As principle components contain most information, we only need to extract part of the main components. The contribution rate of each eigenvalue is

\begin{matrix} \frac{λ_{i}}{\sum_{k = 1}^{6} λ_{k}} = \frac{λ_{i}}{6} . \end{matrix}

(5)

The cumulative contribution rate of the preceding r principle components is computed as $\sum α_{r}$ . When this contribution rate is larger than a constant value ψ, we only need to extract r principle components which can reflect main information of all variables. Consider

\begin{matrix} \sum α_{r} = \frac{\sum_{k = 1}^{r} λ_{k}}{\sum_{k = 1}^{6} λ_{k}} . \end{matrix}

(6)

Finally the sample can be projected on the selected r feature vectors and a

r \times m

feature matrix is obtained for feature learning.

4.1.2. Feature Learning with RBM

The main idea of deep learning approach RBM in O-Sense is that a plenty of preextracted temporal-spatial traffic data are processed into informative low-dimensional features, and then these learned features are used to train an efficient classifier SVM.

RBM is a generative stochastic neural network that can learn a probability distribution (e.g., $p (v, h)$ ) over the input set, which is good at reasoning about and predicting irregular and stochastic behavior in the traffic flow. As shown in Figure 3, RBM is in the shape of a bipartite graph with no intralayer connections. The hidden unit activations h (low-dimensional data) are mutually independent given the visible unit activations v; that is, when constraints are given on v, all hidden units are conditionally independent; that is, $p (h | v) = p (h_{1} | v) \dots p (h_{q} | v)$ , and vice versa. Given visible layer v, hidden layer h can be obtained through $p (h | v)$ ; meanwhile the value of units is gained by getting the hidden units $p (v | h)$ . Through adjusting the parameters, the visible layer $v_{1}$ obtained from hidden layer can approximately equal the original input layer v. From this perspective, the outputs of hidden units are another representation of the visible units; namely, the original high-dimensional traffic information has been transformed into low-dimensional representative data.

Figure 3

Temporal-spatial feature deep learning model.
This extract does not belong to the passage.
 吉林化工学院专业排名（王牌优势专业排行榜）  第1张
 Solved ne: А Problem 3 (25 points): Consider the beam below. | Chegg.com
The standard type of RBM has binary-valued hidden and visible units and consists of a matrix of weights in which $w_{i j}$ denotes the connection weight between hidden unit $h_{j}$ and visible unit $v_{i}$ , $a_{i}$ denotes the bias of $v_{i}$ , and $b_{j}$ denotes the bias of $h_{j}$ . Given parameters $θ = (w_{i j}, a_{i}, b_{j})$ , the energy of a configuration $(v, h)$ is defined as

\begin{matrix} E (v, h; θ) = - \sum_{i = 1}^{r m} a_{i} v_{i} - \sum_{j = 1}^{q} b_{j} h_{j} - \sum_{i = 1}^{r m} \sum_{j = 1}^{q} h_{j} w_{i j} v_{i} . \end{matrix}

(7)

This energy function is analogous to that of a Hopfield network [23]. As in general Boltzmann machines, probability distributions over hidden and visible vectors are defined in terms of the energy function. Consider

\begin{matrix} P (v, h) = \frac{1}{Z} e^{- E (v, h)}, \end{matrix}

(8)

where Z is a partition function defined as the sum of

e^{- E (v, h)}

over all possible configurations. Similarly, the marginal probability of a visible vector of Booleans is the sum over all possible hidden layer configurations. Consider

\begin{matrix} P (v) = \frac{1}{Z} \sum_{h} e^{- E (v, h)} . \end{matrix}

(9)

Then the probability under the condition that $h_{j}$ equals 1 and the probability under the condition that $v_{i}$ equals 1 are given as follows:

\begin{matrix} P (h_{j} = 1 | v; θ) = σ (b_{j} + \sum_{i = 1}^{r m} w_{i j} v_{i}), \\ P (v_{i} = 1 | h; θ) = σ (a_{i} + \sum_{j = 1}^{q} w_{i j} h_{j}), \end{matrix}

(10)

where

σ (x) = 1 / (1 + e^{- x})

denotes the logistic sigmoid function and the parameters

θ = (w_{i j}, a_{i}, b_{j})

can be learned by gradient-based contrastive divergence algorithm [24].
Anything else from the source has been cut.